German Chancellor Angela Merkel discussed efforts to reach a diplomatic solution for the Libyan conflict in separate phone calls with Russian President Vladimir Putin and Turkish President Recep Tayyip Erdogan, whose government intends to send troops to Libya, a government spokesman said on Monday.
Turkey's foreign minister has warned that the Libyan conflict risks sliding into chaos and becoming the next Syria, as he sought to speed up domestic legislation to allow Ankara to send troops to the North African country.
Last week, Erdogan announced his government's decision to seek parliamentary consent to send troops to Libya, at the request of the Tripoli-based Government of National Accord. The troops would help to defend the GNA against General Khalifa Haftar's Libyan National Army (LNA).
A German foreign ministry spokesman in Berlin said Germany was following the reports about Turkey's military plans in Libya with "great concern".

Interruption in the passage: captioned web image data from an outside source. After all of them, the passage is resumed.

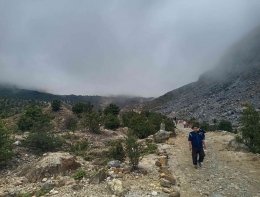 Saat berjalan kaki di Gunung Papandayan Garut, Senin (30/6/2025). | Dok. Pribadi/Jujun Junaedi
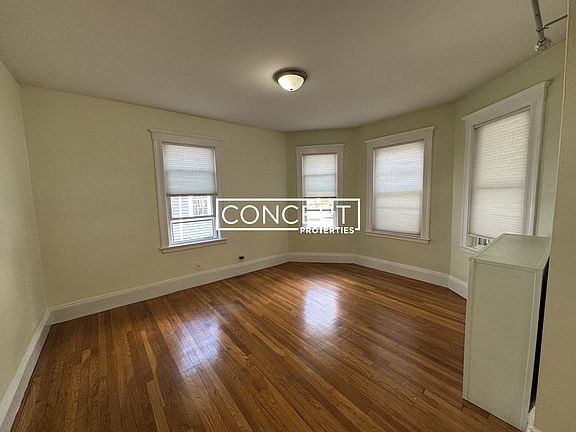 5th image of 158 Willow St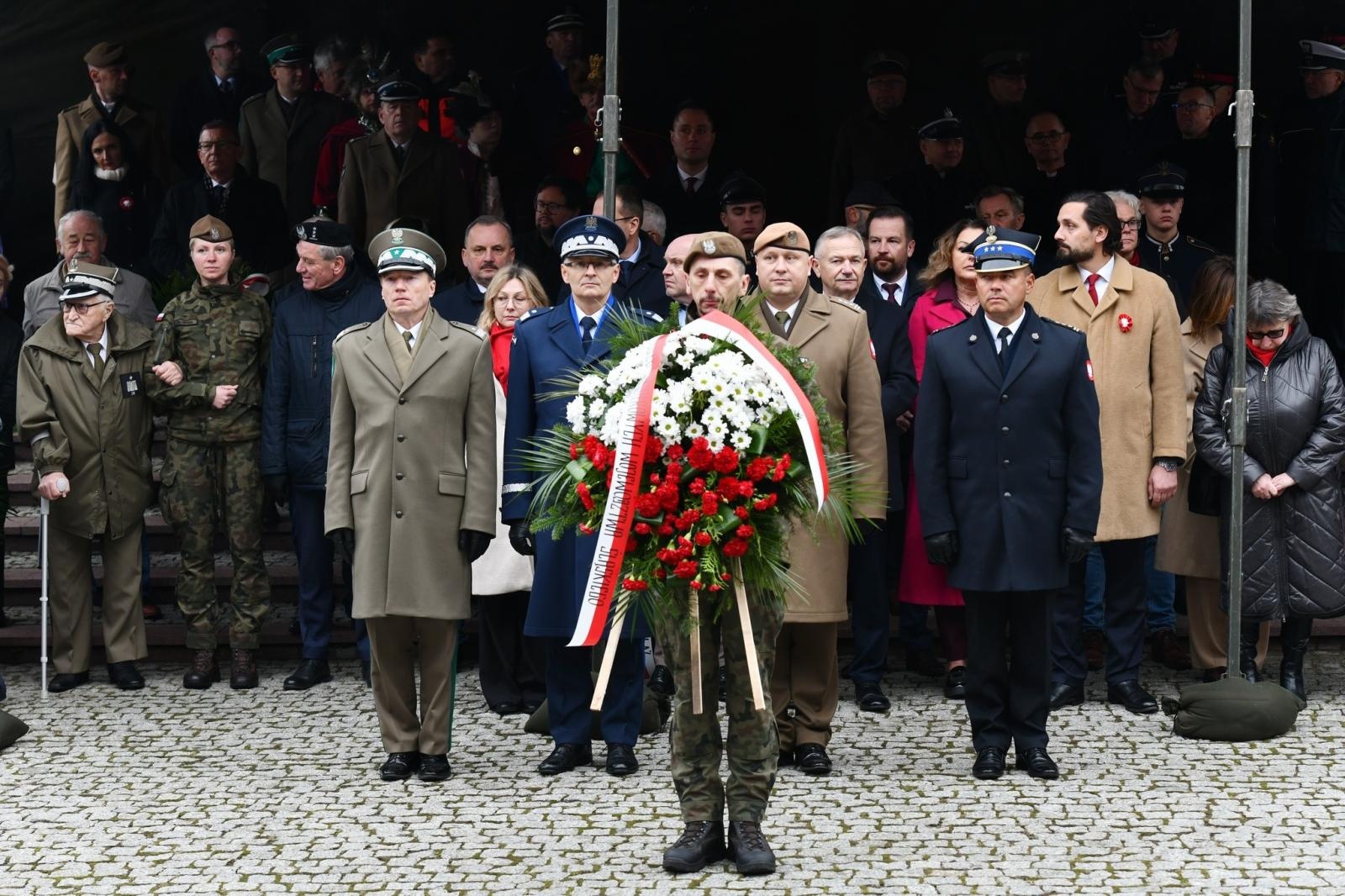 Zdjęcie w galerii na portalu naszraciborz.pl: Obchody 107. rocznicy odzyskania przez Polskę niepodległości wiadomości z regionu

He urged all involved parties to exercise maximum restraint, respect an international embargo for arms exports to Libya and step up efforts for a diplomatic solution.

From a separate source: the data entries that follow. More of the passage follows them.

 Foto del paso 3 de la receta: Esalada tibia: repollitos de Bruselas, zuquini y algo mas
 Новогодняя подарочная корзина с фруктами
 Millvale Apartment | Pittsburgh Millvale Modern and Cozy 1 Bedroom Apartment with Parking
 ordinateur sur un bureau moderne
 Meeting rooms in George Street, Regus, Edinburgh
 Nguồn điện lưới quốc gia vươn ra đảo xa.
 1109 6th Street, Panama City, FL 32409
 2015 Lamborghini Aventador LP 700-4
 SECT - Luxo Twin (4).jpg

"A further exchange was agreed to strengthen diplomatic efforts," the government spokesman said, adding that Merkel also discussed the developments in Syria with Erdogan and Putin during the phone calls, which took place on Sunday.
Germany has offered to host an international peace conference on Libya that the United Nations is planning. The conference could take place in Berlin after a planned meeting between Erdogan and Putin in January.

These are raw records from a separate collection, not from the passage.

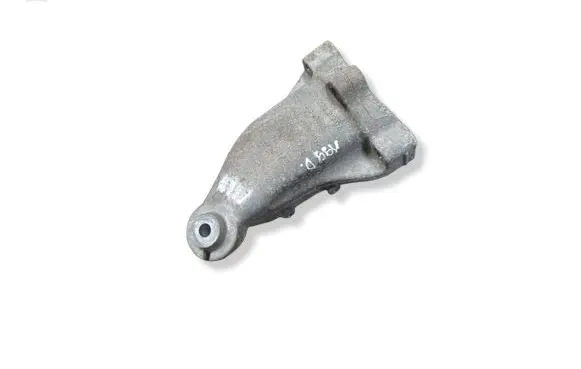 Mercedes-Benz E W212 Engine mounting bracket A6512233504
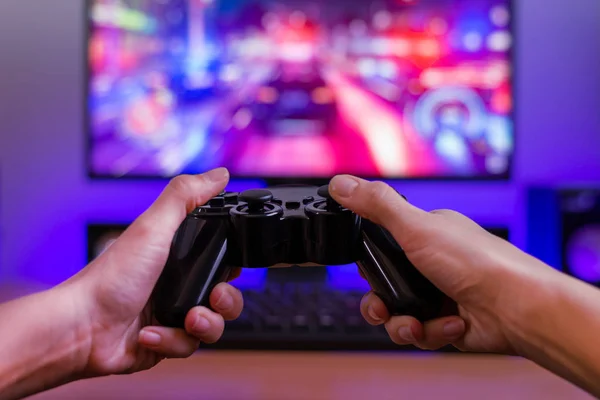 Joypad Der Hand Spielkonzept Computerdisplay Mit Rennspiel Und Rgb Licht — Stockfoto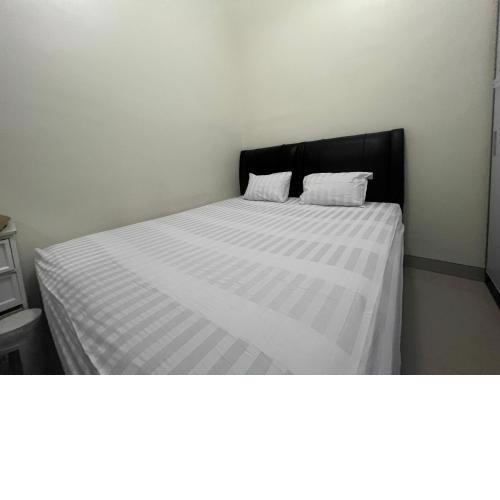 OYO 93074 Wisma Aliyah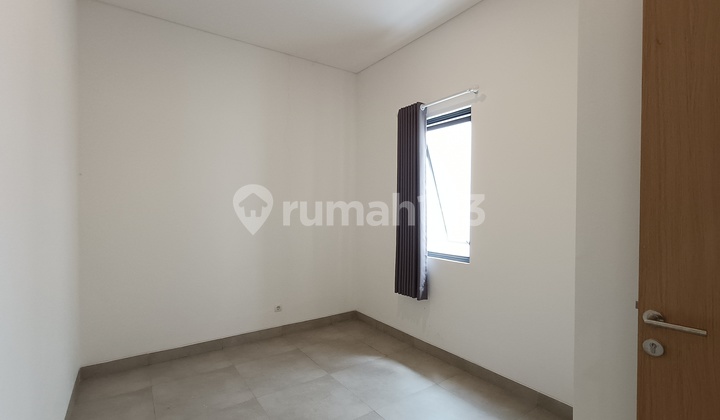 Jual Cepat!! Harga Dibawah Pasaran Rumah Siap Huni 2 Lantai 4 Kamar di Yuthica Bsd Dk16 2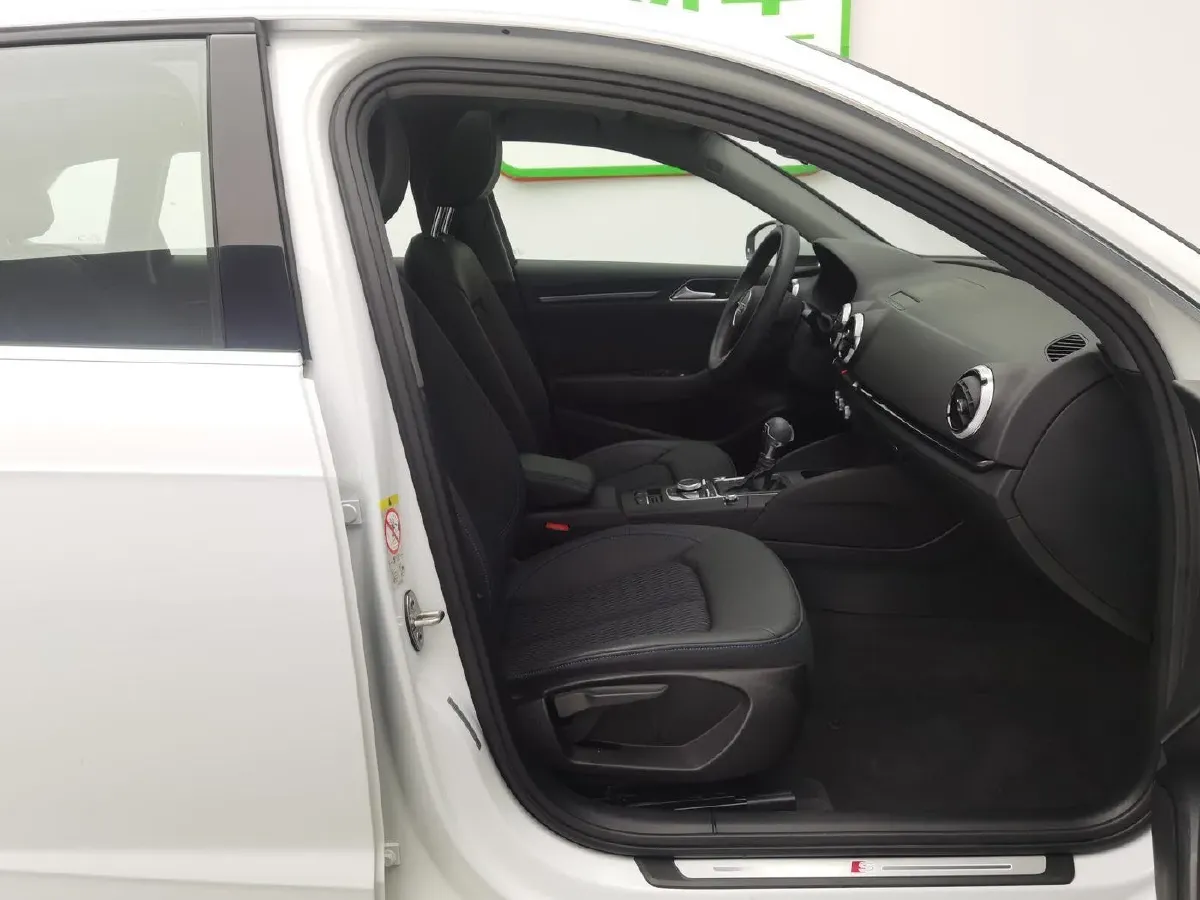 2020 Audi A3 1.4T 150HP L4 7DCT,autocango,china used car exporter,china ev exporter,chinese used car exporter,chinese used ev exporter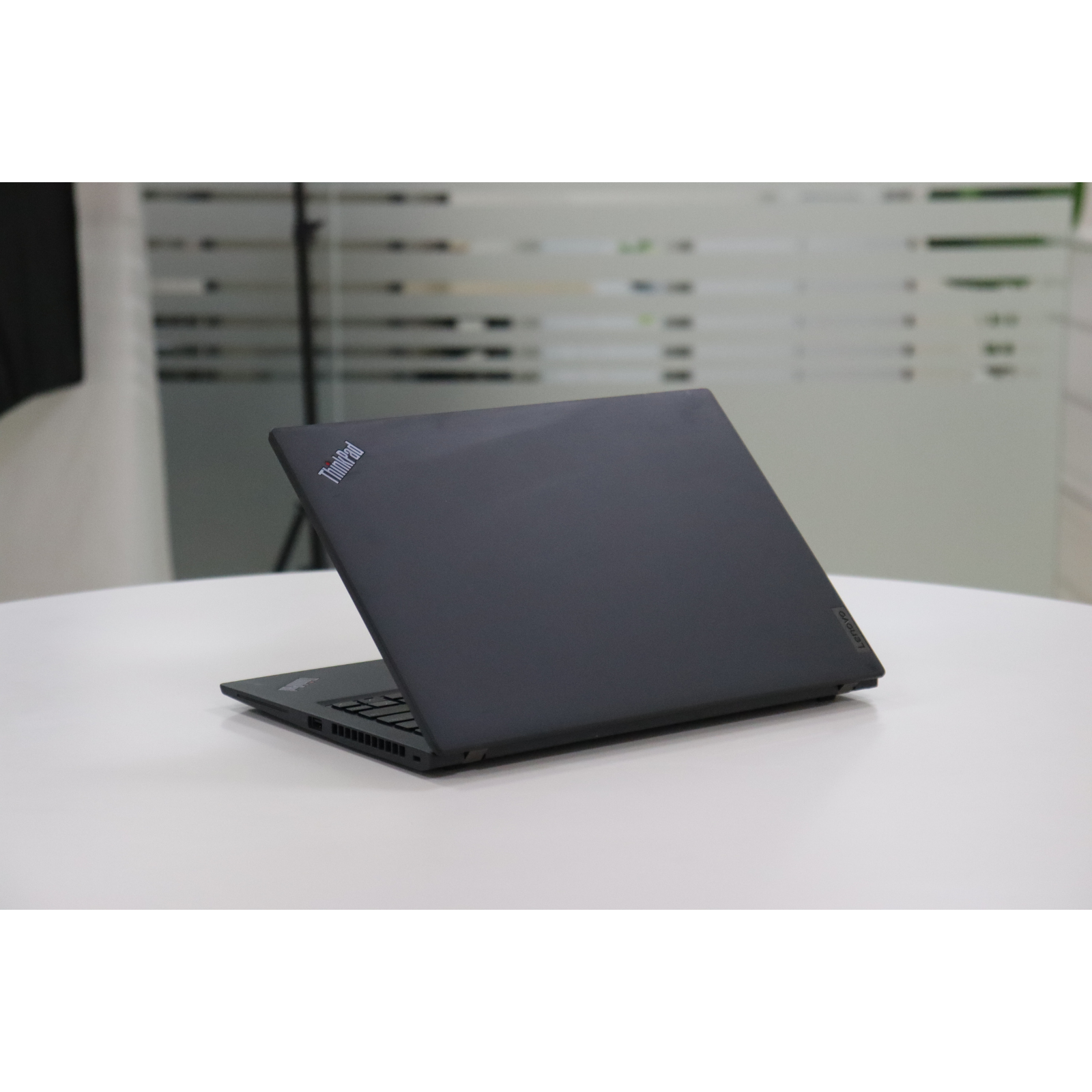 LENOVO THINKPAD X13 GEN 2: 11th Gen i5, 16GB RAM, 256GB SSD, SN:92759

Meanwhile, Turkey's main opposition party said on Monday it opposes a bill to allow a troop deployment to Libya, arguing such a move would exacerbate the country's conflict and cause it to spread across the region.
Speaking after talks with Foreign Minister Mevlut Cavusoglu on the bill, Unal Cevikoz, deputy chairman for the Republican People's Party (CHP), said his party opposed such a move.
"We believe diplomacy should be prioritized, rather than being a party to a proxy war. What is being done is making preparations to worsen the current situation, and we conveyed to the minister that this is not right," Cevikoz said.
"Sending troops there in this case will expand the effects of the conflicts in the region and cause them to spread... We view the bill negatively," he added.
The CHP has previously supported parliamentary bills to send troops into northern Syria, where Turkey has carried out three cross-border operations in three years. However, it has said it did not approve of Turkish military actions beyond its frontier.
Cavusoglu subsequently met the opposition Iyi Party leader to discuss the troop deployment bill. Erdogan has said the bill will be presented to parliament in early January.
Last month, Turkey signed two separate accords with the GNA, one on security and military cooperation and another on maritime boundaries in the eastern Mediterranean. Ankara has also sent military supplies to the GNA despite a United Nations embargo, according to a UN report seen by Reuters last month.